Jessica Porter as Lady Macbeth is chilling, as she, hearing of her husband’s victories and plans for the throne, rids herself of all remorse and conscience, then coaches, prods, and goads her backpedaling husband into murdering Duncan in his sleep. Price and Porter also play up the sexual intimacy of Macbeth and his wife in the early going, which makes her charms more believable.

Price remains convincing as Macbeth’s resolve to grab power by the throat weakens and his conscience begins to torture him. As soon as the bloody daggers are in hand and the deed is done, we see how his regret and building paranoia push him into madness, to the horror of the new queen.

Price’s Macbeth, in his fulfillment of the predictions of the Weird Sisters, is reminiscent of Jack Nicholson’s bout with the crazies in The Shining‚ though Shakespeare’s character manages to keep it together in front of his subjects, at first. Eventually, even the steely Lady Macbeth begins to fray around the edges and hate the position she coaxed her husband into grabbing.

On the whole, watching their downfall — expected as it may be — makes for engaging theater, largely because of the strong performances of Price and Porter.
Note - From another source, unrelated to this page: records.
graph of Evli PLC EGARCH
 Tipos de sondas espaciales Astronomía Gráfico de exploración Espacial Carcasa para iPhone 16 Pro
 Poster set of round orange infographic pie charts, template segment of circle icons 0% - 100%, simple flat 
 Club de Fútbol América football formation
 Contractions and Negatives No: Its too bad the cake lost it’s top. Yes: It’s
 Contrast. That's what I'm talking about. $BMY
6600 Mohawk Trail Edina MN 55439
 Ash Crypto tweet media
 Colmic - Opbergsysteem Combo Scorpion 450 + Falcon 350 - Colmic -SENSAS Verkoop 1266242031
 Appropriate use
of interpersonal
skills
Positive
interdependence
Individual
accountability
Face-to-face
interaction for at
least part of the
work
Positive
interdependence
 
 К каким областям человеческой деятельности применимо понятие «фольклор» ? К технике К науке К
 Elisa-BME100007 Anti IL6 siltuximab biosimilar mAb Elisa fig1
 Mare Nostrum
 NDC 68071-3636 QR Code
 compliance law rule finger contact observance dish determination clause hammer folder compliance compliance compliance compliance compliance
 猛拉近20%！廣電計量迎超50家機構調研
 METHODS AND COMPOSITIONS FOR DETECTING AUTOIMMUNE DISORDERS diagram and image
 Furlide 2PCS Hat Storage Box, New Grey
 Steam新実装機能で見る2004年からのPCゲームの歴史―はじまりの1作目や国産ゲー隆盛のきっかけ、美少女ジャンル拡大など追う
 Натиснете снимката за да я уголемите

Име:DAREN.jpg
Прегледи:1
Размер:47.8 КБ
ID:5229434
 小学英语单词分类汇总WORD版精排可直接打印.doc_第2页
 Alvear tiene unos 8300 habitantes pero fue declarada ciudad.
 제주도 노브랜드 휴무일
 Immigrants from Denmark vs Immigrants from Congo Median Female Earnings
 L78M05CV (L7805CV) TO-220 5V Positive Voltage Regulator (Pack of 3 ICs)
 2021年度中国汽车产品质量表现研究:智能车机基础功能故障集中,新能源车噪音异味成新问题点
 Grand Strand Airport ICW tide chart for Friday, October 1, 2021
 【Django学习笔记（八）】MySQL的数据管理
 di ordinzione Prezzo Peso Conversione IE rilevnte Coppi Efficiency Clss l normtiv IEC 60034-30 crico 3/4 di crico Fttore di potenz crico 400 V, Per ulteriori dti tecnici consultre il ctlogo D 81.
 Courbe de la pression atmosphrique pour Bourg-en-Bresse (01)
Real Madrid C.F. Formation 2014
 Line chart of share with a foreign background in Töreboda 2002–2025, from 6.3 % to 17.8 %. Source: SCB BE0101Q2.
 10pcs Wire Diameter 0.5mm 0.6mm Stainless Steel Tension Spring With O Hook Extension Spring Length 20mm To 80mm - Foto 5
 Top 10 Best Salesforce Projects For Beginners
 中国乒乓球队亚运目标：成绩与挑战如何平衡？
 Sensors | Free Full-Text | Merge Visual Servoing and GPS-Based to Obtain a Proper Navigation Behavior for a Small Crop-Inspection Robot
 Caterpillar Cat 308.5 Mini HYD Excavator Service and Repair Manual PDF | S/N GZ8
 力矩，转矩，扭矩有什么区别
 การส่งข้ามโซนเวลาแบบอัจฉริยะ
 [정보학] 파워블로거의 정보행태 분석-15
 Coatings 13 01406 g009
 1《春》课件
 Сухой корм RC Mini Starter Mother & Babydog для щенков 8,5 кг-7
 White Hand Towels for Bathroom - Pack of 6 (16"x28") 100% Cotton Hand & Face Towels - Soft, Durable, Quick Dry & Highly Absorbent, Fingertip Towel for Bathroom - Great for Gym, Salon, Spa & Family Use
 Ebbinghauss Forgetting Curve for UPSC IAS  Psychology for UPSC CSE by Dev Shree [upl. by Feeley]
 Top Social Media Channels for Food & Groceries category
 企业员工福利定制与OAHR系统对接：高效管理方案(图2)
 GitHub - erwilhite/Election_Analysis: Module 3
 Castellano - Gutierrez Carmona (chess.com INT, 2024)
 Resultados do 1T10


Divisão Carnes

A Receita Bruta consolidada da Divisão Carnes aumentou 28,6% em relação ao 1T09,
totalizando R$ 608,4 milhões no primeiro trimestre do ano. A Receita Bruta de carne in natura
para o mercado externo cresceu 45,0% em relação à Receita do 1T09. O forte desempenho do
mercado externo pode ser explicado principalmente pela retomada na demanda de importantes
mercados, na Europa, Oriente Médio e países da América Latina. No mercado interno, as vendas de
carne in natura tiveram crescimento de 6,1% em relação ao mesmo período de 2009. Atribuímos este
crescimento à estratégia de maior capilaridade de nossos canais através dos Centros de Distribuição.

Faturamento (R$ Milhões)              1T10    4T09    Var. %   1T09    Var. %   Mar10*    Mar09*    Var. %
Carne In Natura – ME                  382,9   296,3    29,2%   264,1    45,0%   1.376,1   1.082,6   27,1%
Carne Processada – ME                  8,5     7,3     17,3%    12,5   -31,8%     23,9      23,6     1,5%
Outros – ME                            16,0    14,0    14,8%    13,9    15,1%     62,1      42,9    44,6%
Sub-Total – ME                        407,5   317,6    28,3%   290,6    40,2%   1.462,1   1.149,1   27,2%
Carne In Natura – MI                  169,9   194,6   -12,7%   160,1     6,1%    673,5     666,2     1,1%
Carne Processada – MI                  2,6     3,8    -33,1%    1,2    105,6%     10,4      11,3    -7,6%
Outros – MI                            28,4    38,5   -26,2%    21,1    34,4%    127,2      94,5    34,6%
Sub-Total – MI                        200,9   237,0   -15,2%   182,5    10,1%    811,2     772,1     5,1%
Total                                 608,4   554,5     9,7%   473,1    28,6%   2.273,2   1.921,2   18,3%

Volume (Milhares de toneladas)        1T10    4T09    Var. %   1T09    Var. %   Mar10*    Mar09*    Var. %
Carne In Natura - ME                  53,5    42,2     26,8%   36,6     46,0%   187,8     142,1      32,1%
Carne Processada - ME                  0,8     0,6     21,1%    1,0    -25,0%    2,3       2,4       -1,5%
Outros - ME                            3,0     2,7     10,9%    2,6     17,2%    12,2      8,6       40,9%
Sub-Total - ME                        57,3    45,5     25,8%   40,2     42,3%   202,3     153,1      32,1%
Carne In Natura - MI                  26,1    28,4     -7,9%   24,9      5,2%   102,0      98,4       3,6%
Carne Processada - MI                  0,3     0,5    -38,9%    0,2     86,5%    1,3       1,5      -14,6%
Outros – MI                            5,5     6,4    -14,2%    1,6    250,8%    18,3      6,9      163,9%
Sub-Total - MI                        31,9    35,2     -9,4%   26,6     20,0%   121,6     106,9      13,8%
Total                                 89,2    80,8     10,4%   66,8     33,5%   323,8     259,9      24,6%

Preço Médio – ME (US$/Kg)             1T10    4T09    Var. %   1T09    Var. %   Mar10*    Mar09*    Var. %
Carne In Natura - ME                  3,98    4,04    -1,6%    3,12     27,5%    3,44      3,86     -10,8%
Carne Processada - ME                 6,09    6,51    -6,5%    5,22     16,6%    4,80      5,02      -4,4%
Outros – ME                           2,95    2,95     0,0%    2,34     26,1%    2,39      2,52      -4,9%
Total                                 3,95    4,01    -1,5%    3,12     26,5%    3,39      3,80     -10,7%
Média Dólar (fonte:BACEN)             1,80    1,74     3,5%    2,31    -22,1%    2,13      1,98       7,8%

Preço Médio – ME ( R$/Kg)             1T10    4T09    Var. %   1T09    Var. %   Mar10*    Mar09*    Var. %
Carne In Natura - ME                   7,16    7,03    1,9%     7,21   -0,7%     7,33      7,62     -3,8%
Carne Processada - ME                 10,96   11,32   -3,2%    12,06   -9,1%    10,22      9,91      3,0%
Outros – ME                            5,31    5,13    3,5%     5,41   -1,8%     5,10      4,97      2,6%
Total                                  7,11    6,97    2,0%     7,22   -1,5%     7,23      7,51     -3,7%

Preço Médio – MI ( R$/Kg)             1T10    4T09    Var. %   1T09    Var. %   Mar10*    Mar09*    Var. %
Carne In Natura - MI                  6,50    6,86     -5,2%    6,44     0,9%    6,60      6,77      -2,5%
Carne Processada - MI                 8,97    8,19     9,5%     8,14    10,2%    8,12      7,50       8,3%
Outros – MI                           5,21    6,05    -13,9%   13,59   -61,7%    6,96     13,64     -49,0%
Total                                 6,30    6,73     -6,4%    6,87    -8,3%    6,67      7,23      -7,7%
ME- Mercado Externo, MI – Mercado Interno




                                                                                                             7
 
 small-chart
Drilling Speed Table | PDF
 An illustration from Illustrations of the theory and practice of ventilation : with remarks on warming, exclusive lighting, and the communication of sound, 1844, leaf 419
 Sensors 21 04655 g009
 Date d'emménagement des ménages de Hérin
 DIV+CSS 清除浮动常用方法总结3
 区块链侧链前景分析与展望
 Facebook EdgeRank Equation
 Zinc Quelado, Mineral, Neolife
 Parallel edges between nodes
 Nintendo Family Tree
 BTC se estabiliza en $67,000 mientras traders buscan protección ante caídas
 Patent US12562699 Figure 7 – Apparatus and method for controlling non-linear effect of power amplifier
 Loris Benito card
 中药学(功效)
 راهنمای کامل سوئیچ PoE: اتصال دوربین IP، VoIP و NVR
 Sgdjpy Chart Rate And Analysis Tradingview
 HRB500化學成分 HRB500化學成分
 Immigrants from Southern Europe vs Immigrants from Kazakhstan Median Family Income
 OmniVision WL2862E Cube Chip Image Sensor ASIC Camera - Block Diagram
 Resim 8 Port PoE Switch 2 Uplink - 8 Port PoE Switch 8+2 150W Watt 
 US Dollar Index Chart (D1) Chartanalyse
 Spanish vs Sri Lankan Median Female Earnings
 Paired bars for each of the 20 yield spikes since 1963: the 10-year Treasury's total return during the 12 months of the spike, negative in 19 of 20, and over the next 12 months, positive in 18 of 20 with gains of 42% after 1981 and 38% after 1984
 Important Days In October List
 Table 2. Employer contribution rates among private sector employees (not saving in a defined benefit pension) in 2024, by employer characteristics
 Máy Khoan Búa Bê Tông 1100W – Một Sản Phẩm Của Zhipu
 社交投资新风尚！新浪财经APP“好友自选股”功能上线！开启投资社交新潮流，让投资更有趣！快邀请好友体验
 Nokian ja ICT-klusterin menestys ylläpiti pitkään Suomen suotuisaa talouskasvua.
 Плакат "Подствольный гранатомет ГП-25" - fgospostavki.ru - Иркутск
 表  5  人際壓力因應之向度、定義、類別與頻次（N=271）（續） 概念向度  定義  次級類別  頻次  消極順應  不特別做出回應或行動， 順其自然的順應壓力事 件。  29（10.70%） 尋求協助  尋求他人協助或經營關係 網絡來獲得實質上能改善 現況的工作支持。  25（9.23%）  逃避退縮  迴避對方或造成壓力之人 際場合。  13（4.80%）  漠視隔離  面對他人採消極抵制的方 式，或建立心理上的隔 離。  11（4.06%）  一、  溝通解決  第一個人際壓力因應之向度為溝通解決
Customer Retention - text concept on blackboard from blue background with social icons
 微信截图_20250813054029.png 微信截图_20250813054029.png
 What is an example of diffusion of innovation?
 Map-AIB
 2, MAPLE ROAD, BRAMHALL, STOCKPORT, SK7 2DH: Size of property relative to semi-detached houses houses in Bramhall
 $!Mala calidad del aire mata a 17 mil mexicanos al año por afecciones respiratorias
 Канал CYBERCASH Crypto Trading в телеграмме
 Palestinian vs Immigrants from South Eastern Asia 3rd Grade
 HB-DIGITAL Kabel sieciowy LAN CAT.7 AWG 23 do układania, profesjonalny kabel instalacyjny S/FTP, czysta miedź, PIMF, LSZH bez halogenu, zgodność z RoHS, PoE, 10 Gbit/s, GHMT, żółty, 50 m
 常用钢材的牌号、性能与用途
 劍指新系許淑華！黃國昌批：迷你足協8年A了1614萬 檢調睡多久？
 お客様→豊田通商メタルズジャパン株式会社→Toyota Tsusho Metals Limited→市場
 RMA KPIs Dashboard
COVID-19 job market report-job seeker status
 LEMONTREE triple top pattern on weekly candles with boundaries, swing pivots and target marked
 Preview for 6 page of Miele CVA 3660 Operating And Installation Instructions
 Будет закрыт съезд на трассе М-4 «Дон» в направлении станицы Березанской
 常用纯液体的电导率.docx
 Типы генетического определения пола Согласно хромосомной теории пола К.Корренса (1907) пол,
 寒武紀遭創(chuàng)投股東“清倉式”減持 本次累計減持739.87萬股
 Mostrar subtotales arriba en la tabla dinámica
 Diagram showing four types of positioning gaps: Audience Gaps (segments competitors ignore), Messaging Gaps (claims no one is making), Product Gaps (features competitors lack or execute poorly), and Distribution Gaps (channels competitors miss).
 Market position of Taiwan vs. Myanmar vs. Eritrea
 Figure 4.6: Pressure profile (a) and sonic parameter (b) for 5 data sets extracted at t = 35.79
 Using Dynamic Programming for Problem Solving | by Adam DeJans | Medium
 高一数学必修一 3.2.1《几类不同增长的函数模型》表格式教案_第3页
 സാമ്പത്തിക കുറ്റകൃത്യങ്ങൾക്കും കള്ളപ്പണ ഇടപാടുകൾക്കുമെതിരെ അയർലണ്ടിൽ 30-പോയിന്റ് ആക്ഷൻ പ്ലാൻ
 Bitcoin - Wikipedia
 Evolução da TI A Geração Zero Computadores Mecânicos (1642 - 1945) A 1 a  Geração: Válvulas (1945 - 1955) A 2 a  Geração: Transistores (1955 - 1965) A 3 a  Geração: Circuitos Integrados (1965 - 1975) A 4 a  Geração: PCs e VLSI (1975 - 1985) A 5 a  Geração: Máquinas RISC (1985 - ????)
Some of the other performances, like Keith Anctil in the role of Prince Malcolm, are wooden and uncharged. The eerie mood of the Weird Sisters is also broken in the second act when they conjure “spirits” that look more like adolescents in funny robes (which is what they are) than ghosts telling Macbeth his fate. These missteps give the show more of a community theater feel, which is fine as long as you have that expectation.

The Theater Project’s Macbeth is the real thing: a dark, compelling portrait of a leader who will do anything for power, knows what his actions will cost him, and then pays for them in spades. Pick a present-day politician and start making comparisons if you like; Al Miller and his cast leave the modernization up to you.